Jane Jacobs "was not a man. She was not rich. She did not reach public recognition of any magnitude until she was pushing fifty." She did not court publicity, dress well or speak in a thrilling voice. She "wrote seven books, saved neighborhoods, stopped expressways, was arrested twice, basked in the glow of legions of admirers, and had a million discussions and debates around the kitchen table, which she always won." Her influence in urban planning circles continues to this day. In this comprehensive and entertaining three-part biography, Robert Kanigel (On an Irish Island) tells us about Jacobs's background, what she accomplished during her years as a writer and activist in New York City, and how she built another life for herself in Canada, where she wrote her most famous and influential work, The Death and Life of Great American Cities. Kanigel admires Jacobs and he handles her story with respect, humor and scrupulous scholarship, unearthing the solid foundation for her status from the "heaping-up of adulation."

Jacobs was born in 1916 into a loving, enthusiastic, nonconformist family and had an independent, forceful personality even as a little girl. In the third grade, she was expelled for lobbying the other children not to take a dental hygiene oath. She didn't want to go to college. When she graduated from high school, she took a secretarial course, plunged into a journalism career and moved to Manhattan's Greenwich Village, where she enjoyed an active social life. She was never beautiful, but it didn't matter because her "personality took over so immediately, her strength of intellect, her antic humor, her eloquence." She took full advantage of the professional opportunities for women during World War II and built a rewarding domestic life with a handsome, creative, intelligent man, who proposed one week after he met her at a party and was entirely supportive of her career.

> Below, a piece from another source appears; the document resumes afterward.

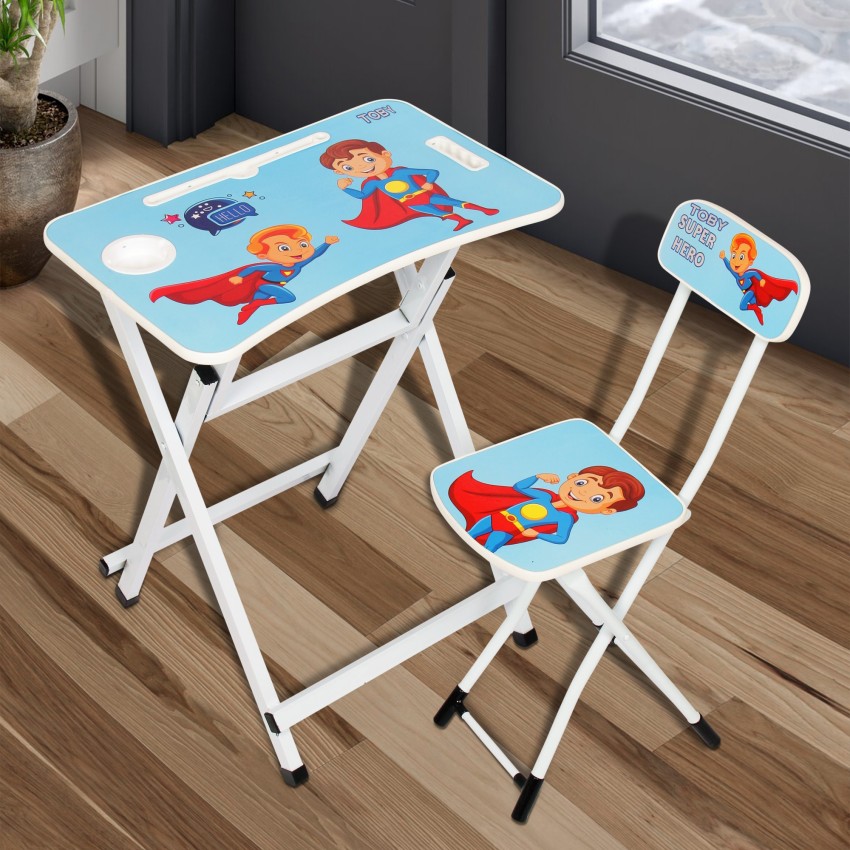 Baby desk and store chair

Despite some skirmishing with the Loyalty Security Board, she worked her way up to a job with Architectural Forum that led to her growing understanding of the gap between urban planning and urban realities, and to an assignment to speak at an urban design conference at Harvard, where she introduced her ideas to influential planners for the first time. "The architectural and planning notions of the postwar period wiped real neighborhoods clean away and supplanted them with places made uniform, inflexible, inhuman, and dull... 'it ought to give planners the shivers.' " Anyone interested in cities or who loves a good biography will enjoy this first-rate story of one of the great independent thinkers of the 20th century. --Sara Catterall 

Shelf Talker: This is a comprehensive and evocative biography of a charismatic and influential urbanist, journalist, activist and author.